The central dilemma of US space policy – the essential and vulnerable nature of satellites used for national and economic security – is highlighted by recent developments. There is no exit from this dilemma. The more we seek to protect our satellites by the use of force in space, the more vulnerable our satellites will become if our own practices are emulated by others.
The dilemma requires compensating initiatives. Many of these steps—such as mitigating space debris and making sure satellite links are redundant and hard to jam – enjoy broad public support. But these initiatives still do not add up to a solution. The vulnerability of satellites to hostile acts is too great to be “solved,” and that vulnerability will only be accentuated by the use of force to “protect” satellites.

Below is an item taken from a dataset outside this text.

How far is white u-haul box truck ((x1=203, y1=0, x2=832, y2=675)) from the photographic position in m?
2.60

Because satellites will remain so vulnerable to multiple means of attack, a rough calculus of space deterrence is already in place between advanced space-faring nations: If one country interferes with or damages another country’s space assets, the aggrieved party has the means to retaliate. It may be galling for a nation that enjoys military dominance to again become reconciled to deterrence, but deterrence based on vulnerability in space is an inescapable fact of life. When space warriors pursue the flight testing and deployment of dedicated ASAT capabilities, they paradoxically reinforce deterrence while accentuating the satellite vulnerability they seek to escape.
Since vulnerability in space is so pervasive, we undermine space security whenever we close off avenues that can help prevent actions damaging to our satellites. By dismissing diplomacy, or relegating it to supporting a “do as I say, not as I do” approach to space, we forego negotiations to produce “rules of the road” for space that work in conjunction with other US initiatives to help protect satellites.
The United States Army, Navy and Air Force follow codes of conduct that govern military operations on land, sea, and in the air. A Code of Conduct for Responsible Space Faring Nations could also serve US national security interests while advancing our global economic interests. For example, common sense guidelines could provide pre-notification of unavoidable dangerous maneuvers in space, and help with space traffic management and debris mitigation.
President Bush reminds us repeatedly that great responsibilities fall to our great nation. So what does it mean to be a responsible space-faring nation? The Bush administration’s national space policy gives us part of the answer – but only part. Responsible space-faring nations do not engage in practices that make satellites more vulnerable, and they do not foreclose a Code of Conduct to help secure the vital services that satellites provide.
Michael Krepon is co-founder of the Stimson Center and Michael Katz-Hyman is a Research Associate at the Stimson Center.